“Sustainable,” “Natural,” “Organic,” “Clean,” “Cruelty-free.” More and more beauty brands are finding ways to leave our planet a healthier and happier place. Where exactly do J-Beauty brands stand as we cruise into 2024, and what have they done to take action? Let’s look beyond the labels below.
Sustainable can mean a lot of things, but includes product ingredients that were sourced sustainably, sourced ethically, minimize waste, and are proven to be safe for the environment. The definition extends to product packaging as well. Given the broad spectrum of sustainability, there are many ways brands can contribute towards preserving the earth and its resources.
Mutenka Sekken is the perfect example of a J-Beauty brand making waves in sustainability. This artisanal soap maker uses less packaging and is free of containers. If you’ve ever dismissed bar soaps due to their sudsy reputation and mass-produced feel, you’ll want to give Mutenka a chance. These handmade face-and-body soaps are formulated with a blend of plant extracts and oils, and produce a luxurious creamy lather that leaves your skin ultra-hydrated. Lavender, hinoki, and sake are just a few of the scents the brand carries.

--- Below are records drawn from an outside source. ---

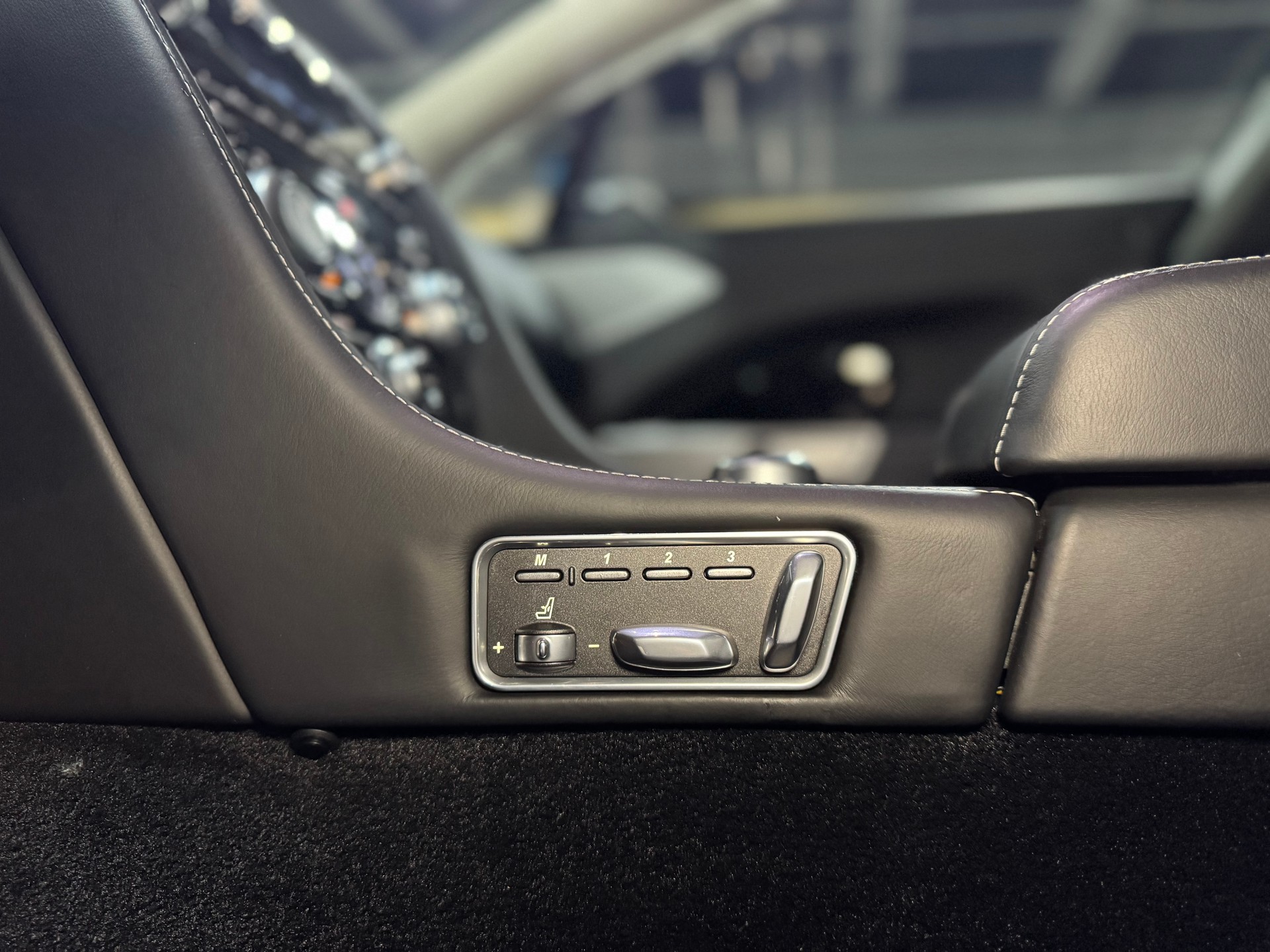 ASTON MARTIN Rapide 5.9 V12 Touchtronic 2-image-27
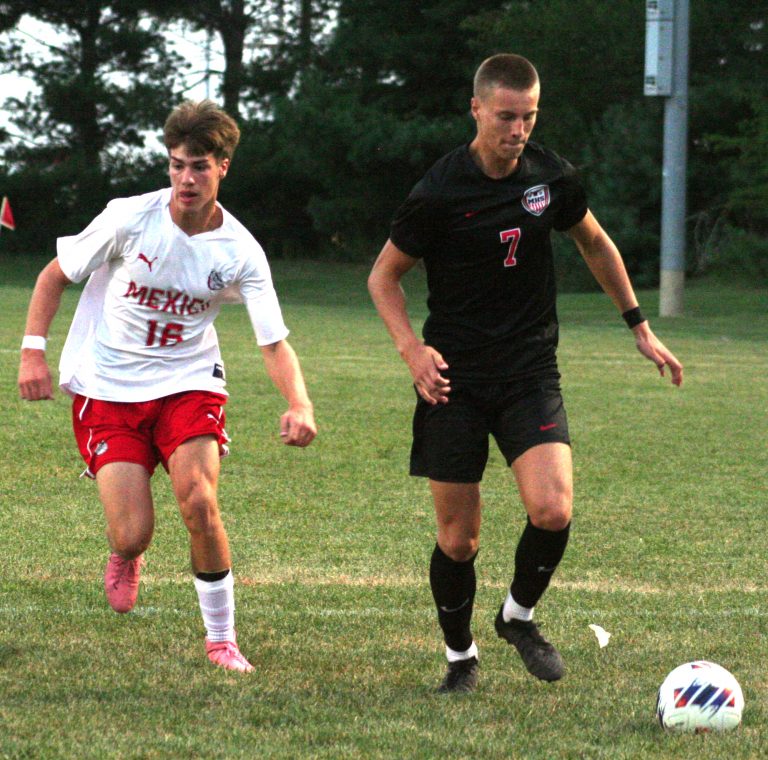 Junior forward Nicholas Tsurkan (7) gets ready to fire a shot on goal. Tsurkan had a hat trick and an assist in the Owls’ 12-0 road victory at Mexico on Oct. 7. (Hobby King/Democrat-News)
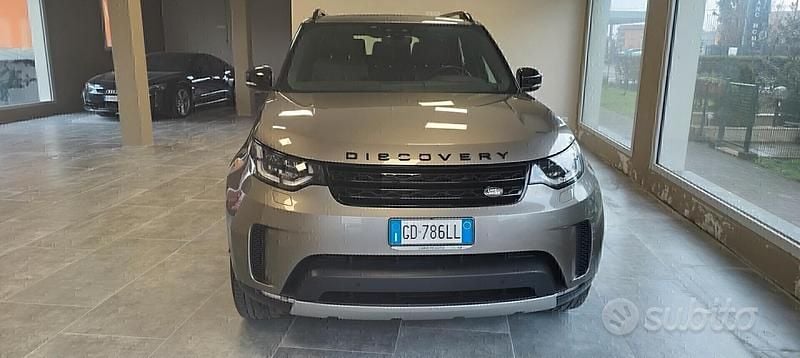 Grigio Usata 2020 Land Rover Discovery 5 HSE Luxury SUV | 43.500 € (Buon prezzo) - Immagine 1/4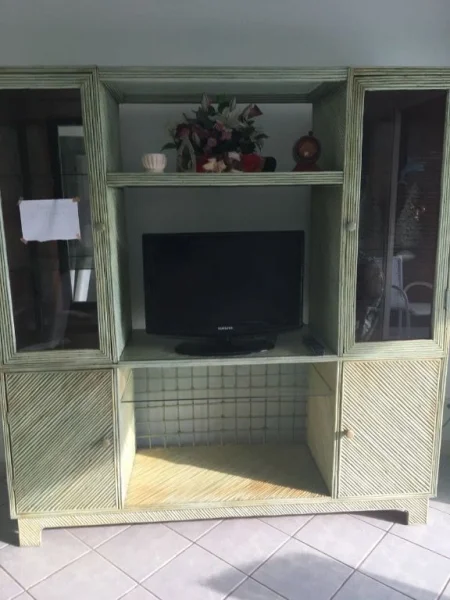 Rack Cristaleira em Rattan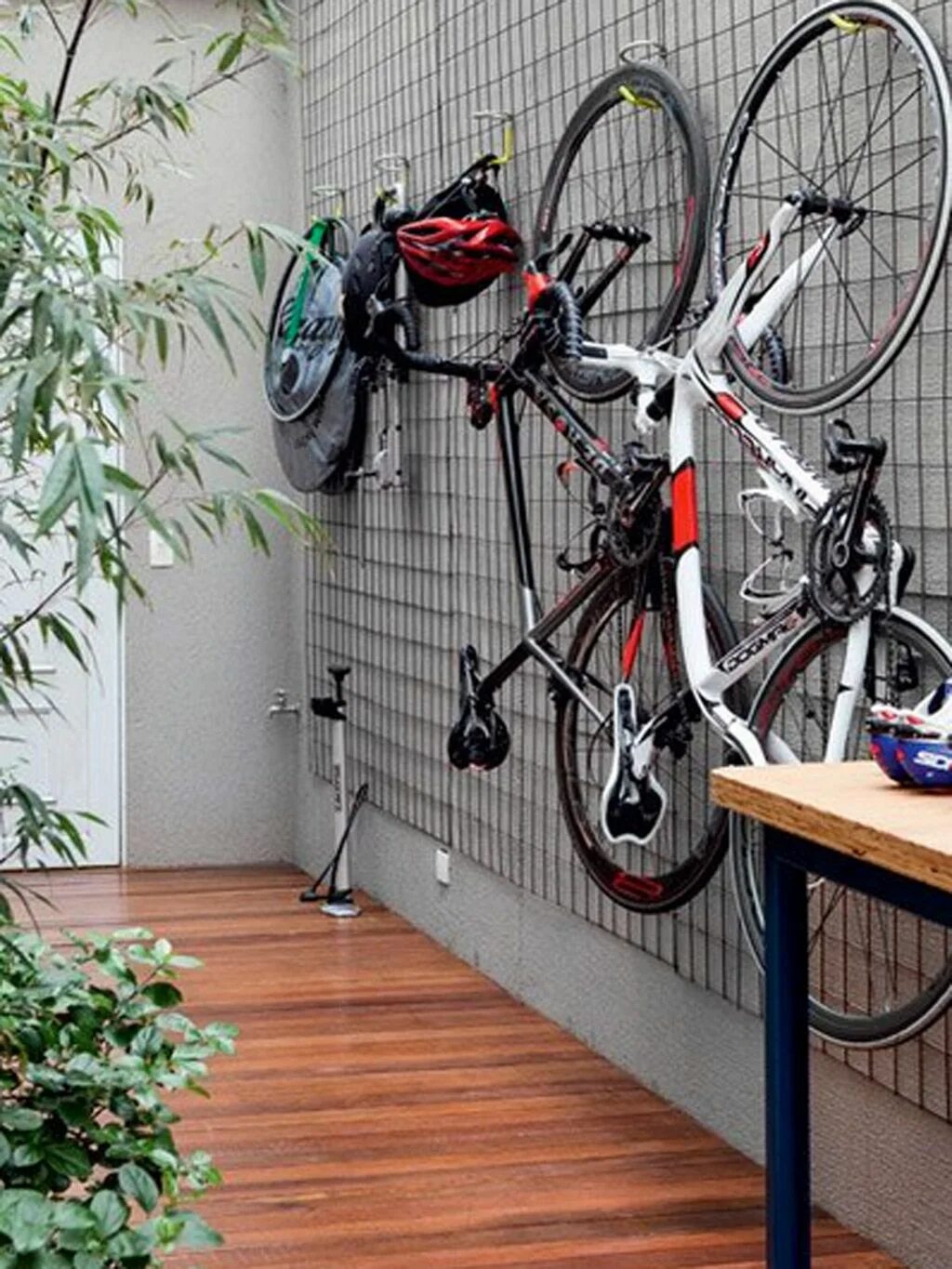 Место для хранения велосипеда. Хранение велосипедов. Система хранения велосипедов. Полка для велосипеда.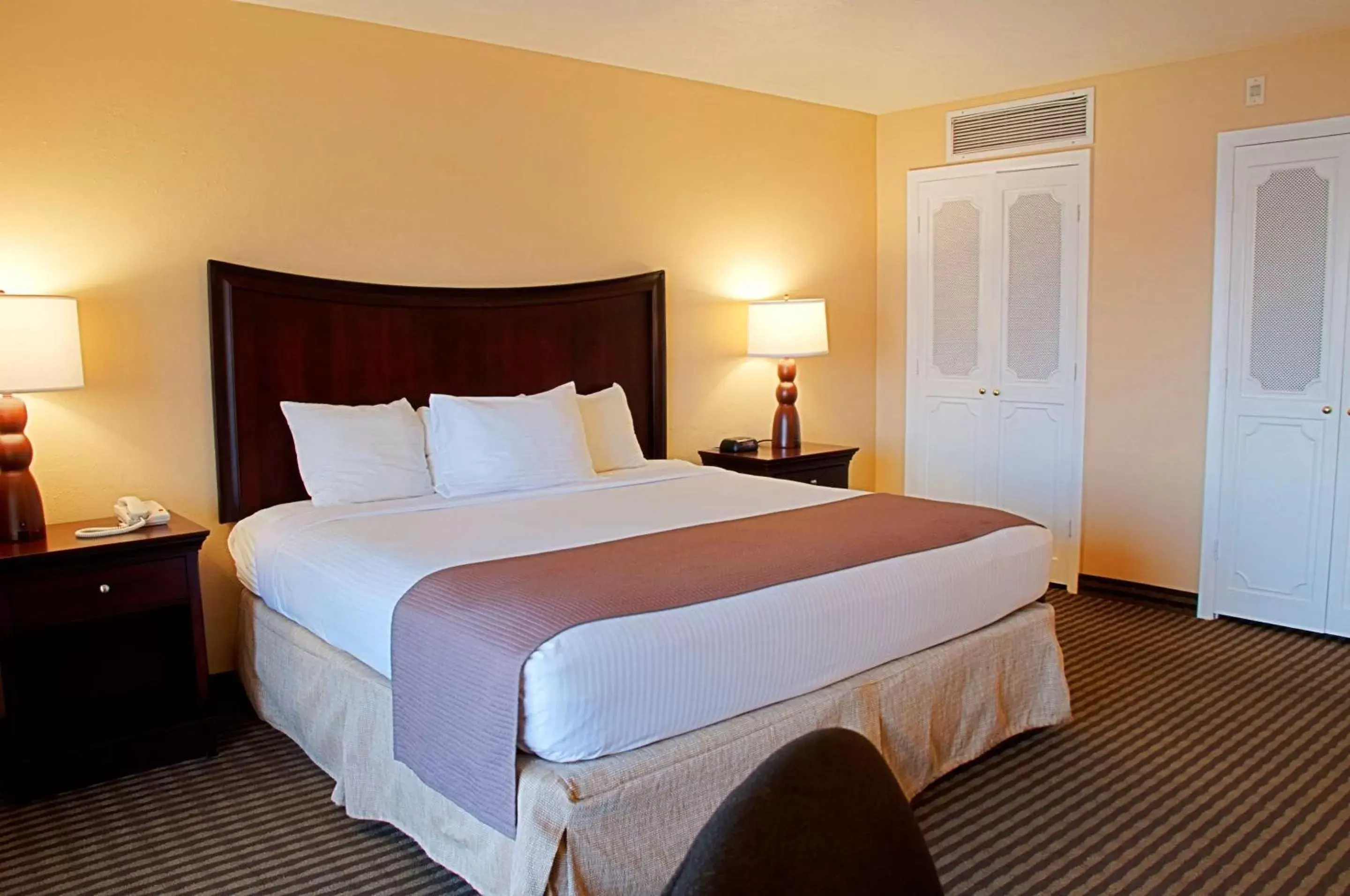 Photo of the whole room, Bed in Best Western Fort Myers Waterfront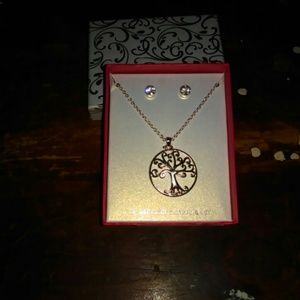 Beautiful Tree Necklace
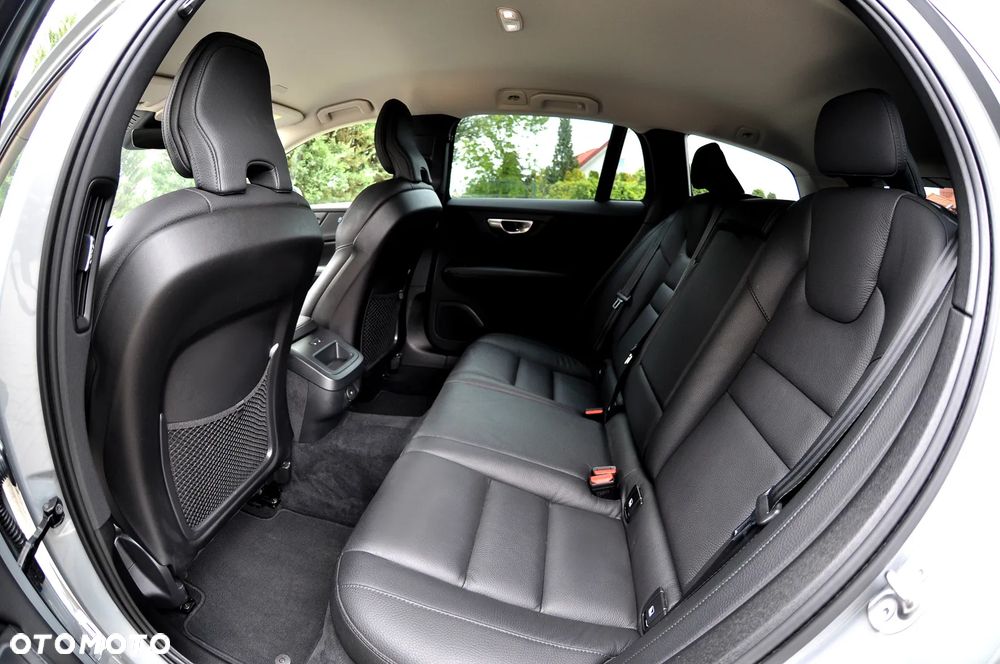 Volvo V60 Cross Country B4 D AWD Plus - 22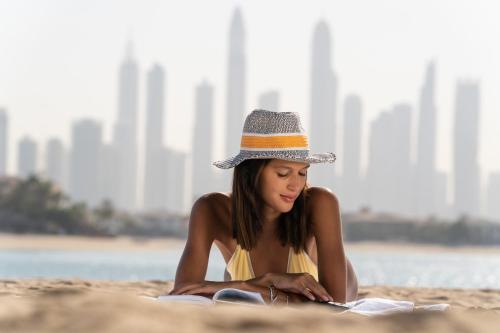 Th8 Palm Dubai Beach Resort, Vignette Collection by IHG, Dubai (Foto 8)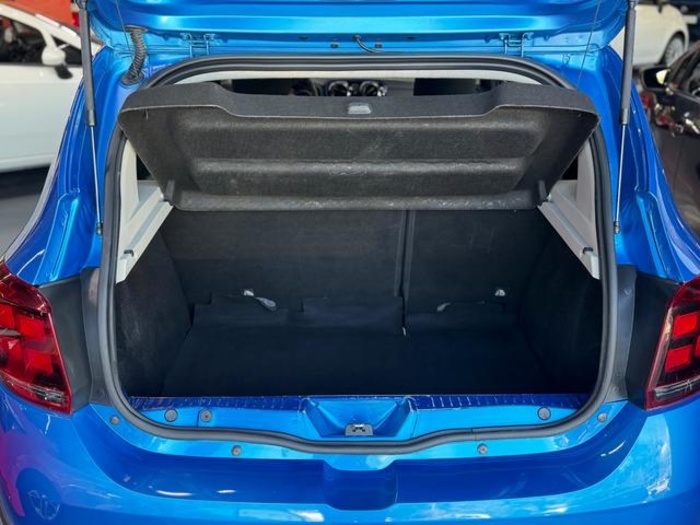 DaciaSandero Comfort Blue dCi 70 kW (95 CV) Vehículo usado en Barcelona - 5 DaciaSandero Comfort Blue dCi 70 kW (95 CV) Vehículo usado en Barcelona - 5
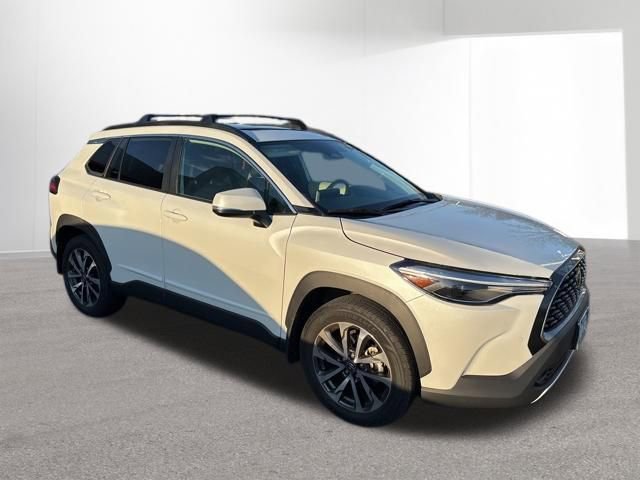 Certified 2023 Toyota Corolla Cross XLE w/ Convenience Package image 2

Beauty products that include nature-derived ingredients are considered natural. While harnessing the power of mother nature has taken on a trend in the western skincare industry in
recent years, it has traditionally been part and parcel of the Japanese approach towards beauty. In other words, nature-derived ingredients are nothing new for J-Beauty brands. In fact, consumers in Japan tend to value products that tap into their local natural resources, such as camelia oil, sake, and green tea. With many brands carrying on the wisdom of the past, natural ingredients in skincare products seems to be the rule rather than exception with J-Beauty brands (which also makes it difficult to provide a complete list of J-Beauty products and brands). We just recommend that you know the active ingredients in your products, and what issues they address.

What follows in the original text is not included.